Subjective Probability: The Real Thing

Richard Jeffrey was one of the all-time greats in formal epistemology, and this was his last book. In classic Jeffrey style, what we have here is a short, dense, and incredibly rich and engaging monograph. It is simply amazing how much wisdom is packed into this little book.

Before getting down to Serious Bayesian Business, Jeffrey begins with an extended acknowledgements section, which contains a heartfelt, emotional, and informatively autobiographical letter of farewell and thanks. The letter is addressed to "Comrades and Fellow Travelers in the Struggle for Bayesianism", and its author is introduced to the reader as "a fond foolish old fart dying of a surfeit of Pall Malls". As someone who only barely knew Dick Jeffrey (but hopes to be a Comrade in the aforementioned Struggle when he grows up), I was deeply touched and inspired by this introductory section of the book. It's no wonder that he was so beloved and respected both as a philosopher and as a man.

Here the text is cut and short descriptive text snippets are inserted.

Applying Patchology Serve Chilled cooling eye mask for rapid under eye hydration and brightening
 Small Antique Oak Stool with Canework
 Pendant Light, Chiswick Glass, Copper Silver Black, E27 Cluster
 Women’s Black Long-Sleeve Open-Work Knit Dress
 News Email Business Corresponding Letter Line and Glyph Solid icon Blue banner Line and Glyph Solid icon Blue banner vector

The first chapter provides an excellent introduction to the basic concepts of subjective probability theory. Both the formal probability calculus as well as its interpretation in terms of betting quotients for rational agents (the main application discussed in the book) are clearly and concisely presented here. This includes very accessible and clear explanations of "Dutch Book" arguments, conditional probability, and Bayes's Theorem. There are many useful exercises, and (as always) plenty of wise remarks and notes along the way. Jeffrey's style is highly effective pedagogically, because he tends to introduce things using snappy examples. Only after whetting the reader's appetite with such examples does Jeffrey invite the reader to think more systematically and theoretically. As such, this chapter would be a suitable (maybe even ideal) way to start an advanced undergraduate course on probability and induction (or inductive logic). Indeed, I plan to try it myself the next time I teach such a course.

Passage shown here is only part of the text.